Pour la première fois, l’Insee cible les plus riches que riches. Ils ne représentent que 0,01 % des ménages et regroupent un peu plus de 5 800 personnes. Leurs revenus par unité de consommation vont de 688 000 euros par an à plus de 13 millions (un peu plus d’un million d’euros par mois). Ils sont donc peu nombreux, et pourtant ce sont eux qui tirent le mieux leur épingle du jeu. Il y a à cela essentiellement deux raisons. En premier lieu, la priorité donnée par les gouvernements successifs depuis le milieu des années 1980 au développement de la finance, au détriment de l’emploi et des salaires. Ainsi, selon l’Insee, si les revenus d’activité ont augmenté de 11 % entre 2004 et 2007, les revenus du patrimoine ont progressé de 46 % et les revenus exceptionnels de 55 %. En second lieu, la politique salariale des directions d’entreprise. Une autre étude de l’Insee consacrée aux très hauts salaires du secteur privé (équivalents ou supérieurs à 215 600 euros par an), ceux des managers, montre que ces rémunérations ont bénéficié d’un coup de pouce annuel de 5,8 % entre 2002 et 2007, contre une augmentation de 2,3 % en moyenne pour l’ensemble des salariés.

Cette caste de privilégiés de haut niveau est celle qui siège dans des conseils d’administration, ce sont les compères du CAC 40. C’est elle qui truste les lieux de pouvoir, définit la politique salariale au sein des grands groupes, s’attribue des jetons de présence, des actions d’entreprise, des retraites chapeau en plus des rémunérations fixes et variables.
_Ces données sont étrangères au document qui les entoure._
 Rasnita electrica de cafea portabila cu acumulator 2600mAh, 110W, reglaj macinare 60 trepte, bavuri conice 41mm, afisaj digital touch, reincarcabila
C’est ce gotha de la finance qui par ailleurs se donne pour priorité de baisser le coût du travail des autres et réclame un recul de l’âge de la retraite. L’Insee indique ainsi que ces 0,01 %, soit les plus aisés des riches, disposaient en moyenne en 2007 de 1,5 million d’euros par an de revenus d’activité auxquels s’ajoutent 1 million de revenus du patrimoine (valeurs mobilières) et un peu moins de 600 000 euros de revenus exceptionnels (essentiellement des levées d’options). Cette politique a été aggravée par la droite à partir de 2001 notamment par le vote en 2005 d’une refonte du barème de l’impôt sur le revenu, réduisant sa progressivité. On touche là au mensonge fiscal de la droite. L’Insee note en effet qu’en 2007, le taux d’imposition des hauts revenus n’était que de 10 % (2). Celui des plus aisés d’entre eux (les 0,01 % évoqués), de seulement 25 % en moyenne. La politique fiscale engagée après 2007 a accentué cette évolution.
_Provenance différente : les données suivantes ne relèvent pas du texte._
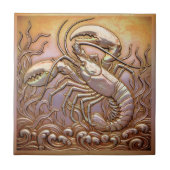 Carreau Copper Metallic Iridescent Lobster ID1223 (Devant)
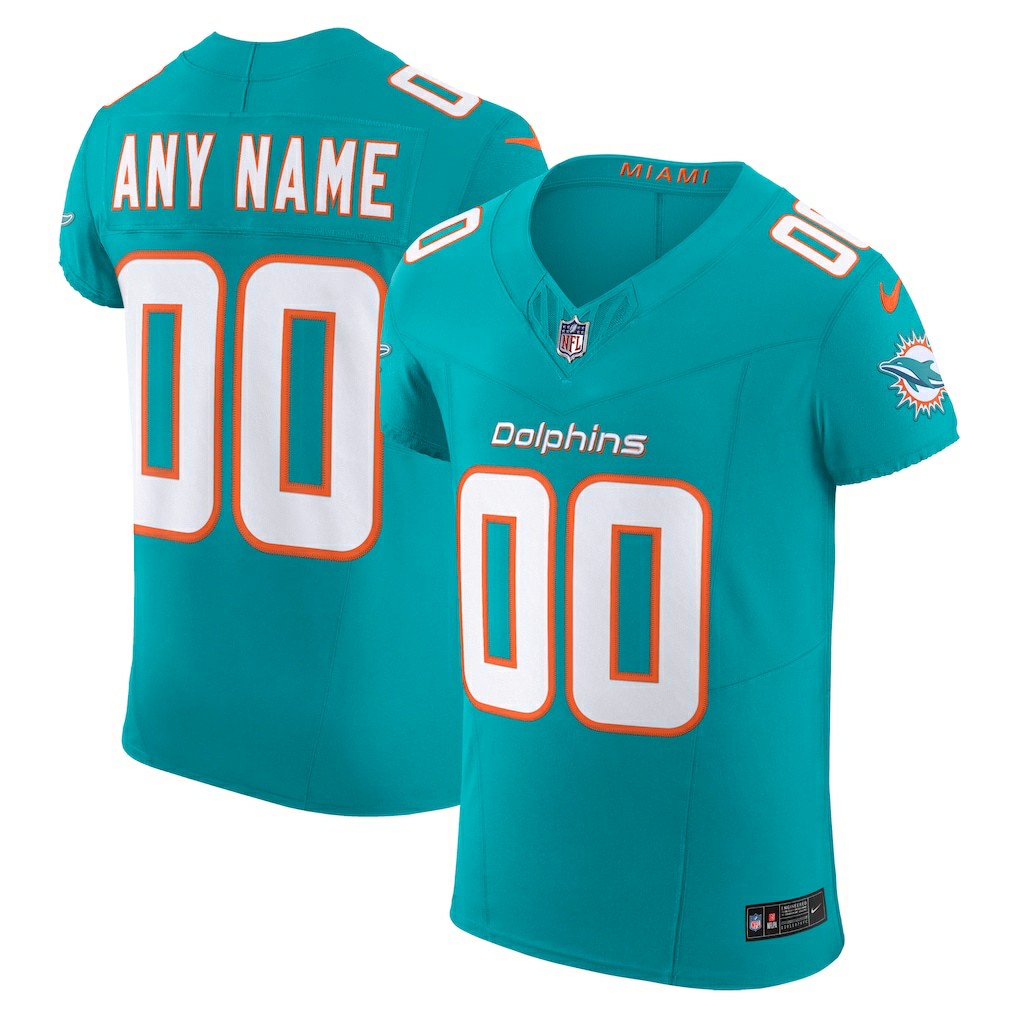 Miami Dolphins Vapor F.U.S.E. Elite Custom Jersey - Aqua cheap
(1) Échelle de mesure de l’Insee qui permet de comparer des ménages de taille et de composition différentes. Un adulte est identifié à une unité 
de consommation, un enfant de moins de quatorze ans à 0,3 unité.

Pierre Ivorra

(2) Hors prélèvements sociaux 
sur les revenus du patrimoine, 
impôts locaux et ISF.

2) Le bouclier fiscal profite à 99% aux plus fortunés. Les dix bénéficiaires les plus riches ont reçu chacun, en moyenne, six millions d’euros

1 À qui profi te vraiment le bouclier fiscal ?

Les données publiques disponibles sur ses bénéficiaires confirment ce qu’on savait déjà : une infime minorité de foyers très fortunés captent la très grosse partie du magot en restitutions d’impôt, principalement d’impôt de solidarité sur la fortune (ISF) dont s’acquittent les ménages déclarant un patrimoine supérieur à 760 000 euros, après les divers abattements. « Un petit nombre de personnes concentre une part très importante du coût de la mesure », écrit ainsi le député Gilles Carrez (UMP) dans un rapport de juillet dernier. En 2008, le bouclier fiscal aurait ainsi bénéficié à 15 500 foyers fiscaux, dont 5 660 sont redevables de l’ISF, lesquels concentrent à eux seuls « 99 % du coût du dispositif », qui était de 563 millions d’euros cette année-là. Et encore, parmi eux, ce sont les imposables de tout en haut de l’échelle, ceux qui déclarent un patrimoine de plus de 15,8 millions d’euros, qui profitent de l’essentiel de la manne. En 2009, un peu moins de 1 000 ménages se sont ainsi partagés 368 millions d’euros en restitutions du Trésor public, soit près de 400 000 euros par ménage… Et en 2008, les 100 restitutions les plus importantes ont atteint près de 1,2 million d’euros par foyer, en hausse de 89 % par rapport à 2007. Pour les 10 plus grosses, le chèque rendu atteint en moyenne 6 millions d’euros par foyer, soit… + 270 % en un an. Pas de crise pour les nantis.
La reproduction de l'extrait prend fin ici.